Unfortunately the majority of what you are saying here is the typical FUD I hear every day regarding IPv6.
With the upmost of respect - you don't know what you're talking about.
".. but it is (IPv6 not IPv4) and that's why it's been around all those years with zero uptake."
Actually it is very heavily used in academia, military, research and development, and the scientific community. Just as the internet initially grew out as (mostly) a bunch of universities for them to share research - IPv6 is getting pushed from that direction too.
"-Every computer IP-trackable by doubleclick, google, etc? BAD. Effectively, an indelible supercookie."
How is this any different to what you have now? Home / SOHO networks generally all connect to the internet from a fixed / virtually fixed IP address. Larger corporate networks can use host id randomisation, which is actually built into the Windows IPv6 stack by default.
"-Internal IP addresses tied to your ISP, your LAN infrastructure therefore tied to your ISP. Bad idea."
Homes and Small businesses rarely have more than one subnet on the site - the only router on the whole network is the internet gateway, so on the very rare ocassion that they move ISP, you change the LAN IP on the router, and Stateless Autoconfiguration takes care of the rest. DHCP - Just change the scope. If you've used Static IP addresses instead of DHCP reservations, well that's just your own fault, and you obviously have the knowledge to set it again.
Large public sector / corporate networks wouldn't be using ISP provided IP addresses anyway - they would be using Provider Independent address ranges that can move with them as they move providers.
"-Nightmarish scheme for writing IP addresses... imagine giving phone support to a home user."
It will be tough at first I'll give you that - but what do you suggest - represent an IPv6 address in dotted decimal!? The new Hex format is vastly better than using decimal - less space taken up - easier conversion to binary form.
"-How the hell do you tell if your firewall is secure, with so complex a scheme? Dunno. Beyond me, and I'm just the IT guy."
Er - it's actually less complex because you take NAT out of the equation. Your entire internal network is represented as a single prefix, anything else is outside. Your firewall objects will be named anyway.
Not so long ago, when IP was winning the Layer3 wars - all the old Appletalk and IPX/SPX guys were bemoaning IP "Oh.. it's too complicated" "The old way was better" And at about that time people were getting paid 6-figure sums to go and carry out the migrations.
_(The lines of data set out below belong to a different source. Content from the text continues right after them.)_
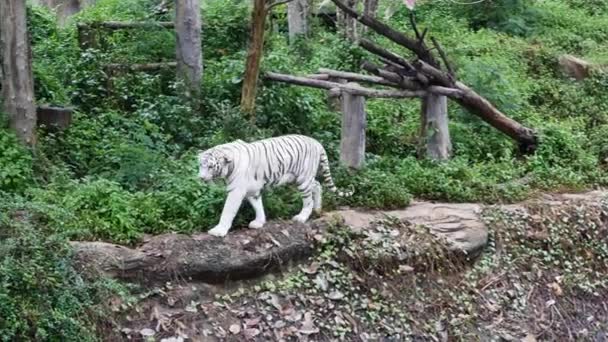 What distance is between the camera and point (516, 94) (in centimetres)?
1039

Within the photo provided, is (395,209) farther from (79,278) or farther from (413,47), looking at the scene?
(79,278)

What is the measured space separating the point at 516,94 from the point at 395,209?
356cm

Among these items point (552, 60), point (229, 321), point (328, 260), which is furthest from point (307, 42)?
point (229, 321)

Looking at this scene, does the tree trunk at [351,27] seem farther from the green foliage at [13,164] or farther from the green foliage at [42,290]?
the green foliage at [42,290]

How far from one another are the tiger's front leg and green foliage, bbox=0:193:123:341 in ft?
3.09

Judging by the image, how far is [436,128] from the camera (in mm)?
8844

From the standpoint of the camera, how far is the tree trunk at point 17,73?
23.5 feet

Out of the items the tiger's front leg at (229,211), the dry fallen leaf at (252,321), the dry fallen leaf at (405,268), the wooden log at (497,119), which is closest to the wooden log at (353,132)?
the wooden log at (497,119)

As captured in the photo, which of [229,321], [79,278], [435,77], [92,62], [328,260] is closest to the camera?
[79,278]

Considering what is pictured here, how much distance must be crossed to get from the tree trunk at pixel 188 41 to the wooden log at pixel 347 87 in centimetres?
98

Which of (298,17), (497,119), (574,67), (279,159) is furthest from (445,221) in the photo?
(298,17)

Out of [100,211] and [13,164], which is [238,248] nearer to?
[100,211]

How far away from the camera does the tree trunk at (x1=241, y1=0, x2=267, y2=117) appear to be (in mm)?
8438

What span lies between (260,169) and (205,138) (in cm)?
204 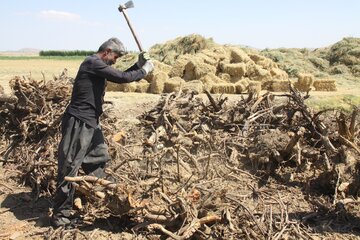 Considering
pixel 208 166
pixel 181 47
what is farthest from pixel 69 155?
pixel 181 47

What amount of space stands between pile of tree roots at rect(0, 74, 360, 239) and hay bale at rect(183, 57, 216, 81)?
463cm

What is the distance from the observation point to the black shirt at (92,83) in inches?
164

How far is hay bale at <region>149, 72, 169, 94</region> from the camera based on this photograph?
11539 millimetres

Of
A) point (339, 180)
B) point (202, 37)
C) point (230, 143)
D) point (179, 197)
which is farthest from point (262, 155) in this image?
point (202, 37)

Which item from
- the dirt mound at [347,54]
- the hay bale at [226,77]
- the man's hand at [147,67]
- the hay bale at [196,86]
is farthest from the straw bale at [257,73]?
the man's hand at [147,67]

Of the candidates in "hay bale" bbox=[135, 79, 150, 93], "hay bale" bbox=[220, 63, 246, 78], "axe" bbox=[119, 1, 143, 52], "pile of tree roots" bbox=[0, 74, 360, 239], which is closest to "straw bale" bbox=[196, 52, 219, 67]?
"hay bale" bbox=[220, 63, 246, 78]

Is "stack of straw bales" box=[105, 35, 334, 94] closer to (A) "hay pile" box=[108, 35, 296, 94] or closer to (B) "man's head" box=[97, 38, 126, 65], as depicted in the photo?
(A) "hay pile" box=[108, 35, 296, 94]

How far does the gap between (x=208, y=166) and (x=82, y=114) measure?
4.25 feet

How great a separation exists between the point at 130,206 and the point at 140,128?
9.86ft

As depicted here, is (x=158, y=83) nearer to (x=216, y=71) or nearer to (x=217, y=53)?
(x=216, y=71)

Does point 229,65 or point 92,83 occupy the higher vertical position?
point 92,83

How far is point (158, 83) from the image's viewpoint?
1152 centimetres

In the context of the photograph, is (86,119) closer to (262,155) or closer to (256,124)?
(262,155)

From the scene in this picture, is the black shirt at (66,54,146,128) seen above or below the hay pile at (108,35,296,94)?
above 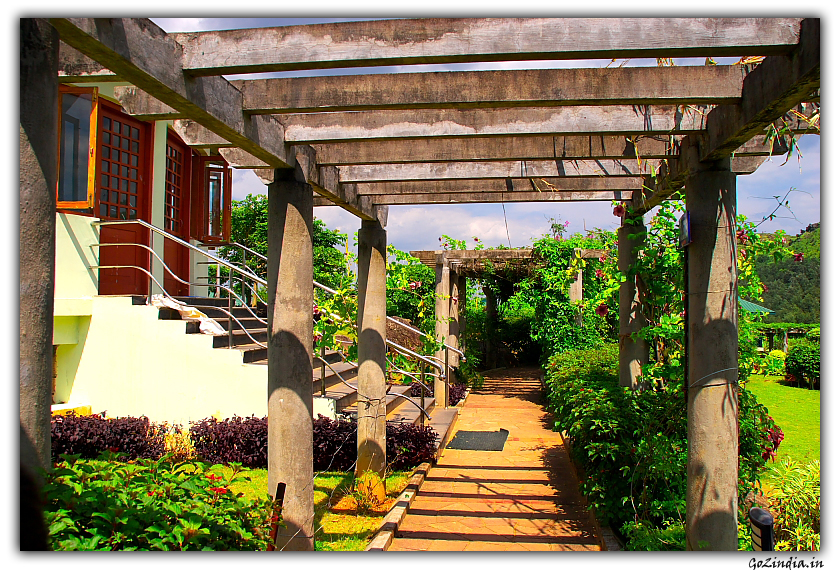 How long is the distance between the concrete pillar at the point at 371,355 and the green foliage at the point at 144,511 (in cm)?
352

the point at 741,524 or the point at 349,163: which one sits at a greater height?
the point at 349,163

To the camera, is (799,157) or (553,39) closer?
(553,39)

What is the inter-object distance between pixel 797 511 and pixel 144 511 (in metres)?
4.22

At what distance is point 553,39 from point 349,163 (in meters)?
2.24

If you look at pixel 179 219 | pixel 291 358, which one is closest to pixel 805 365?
pixel 291 358

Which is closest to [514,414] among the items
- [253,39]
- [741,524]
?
[741,524]

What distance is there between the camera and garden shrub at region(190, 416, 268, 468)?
6473mm

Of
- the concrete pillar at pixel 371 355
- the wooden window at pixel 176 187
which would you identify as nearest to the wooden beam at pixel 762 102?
the concrete pillar at pixel 371 355

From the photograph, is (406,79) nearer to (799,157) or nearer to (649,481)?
(799,157)

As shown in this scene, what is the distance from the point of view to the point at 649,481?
468 centimetres

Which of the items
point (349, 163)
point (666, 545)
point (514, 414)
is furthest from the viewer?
point (514, 414)

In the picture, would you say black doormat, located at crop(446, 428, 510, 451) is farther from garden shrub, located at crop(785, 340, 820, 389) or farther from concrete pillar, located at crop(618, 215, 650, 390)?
garden shrub, located at crop(785, 340, 820, 389)

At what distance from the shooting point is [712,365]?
356 centimetres

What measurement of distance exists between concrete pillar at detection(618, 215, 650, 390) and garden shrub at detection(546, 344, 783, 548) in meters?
0.63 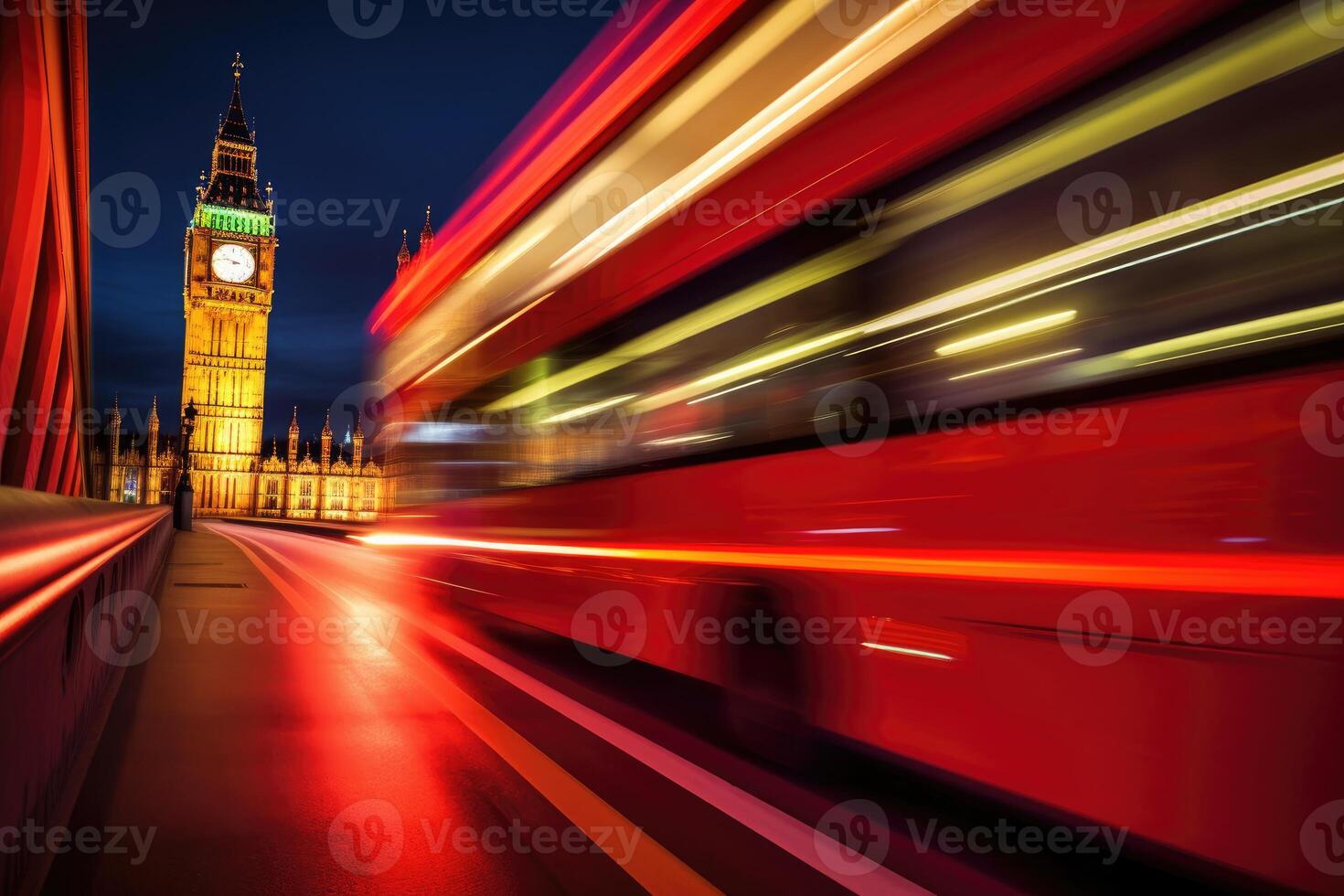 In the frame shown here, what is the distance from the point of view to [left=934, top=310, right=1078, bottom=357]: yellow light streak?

IPv6 is going that way - and I'm seriously looking forward to it, because I'm one of those guys who is hopefully going to be getting paid obscene amounts of money to do IPv6 rollouts, because everyone else is too scared to look at it properly.
IPv6 is the monster in the cupboard - scary as hell. Until you open the cupboard and find that there's no monsters at all - it's just John Goodman is a big fluffy blue suit.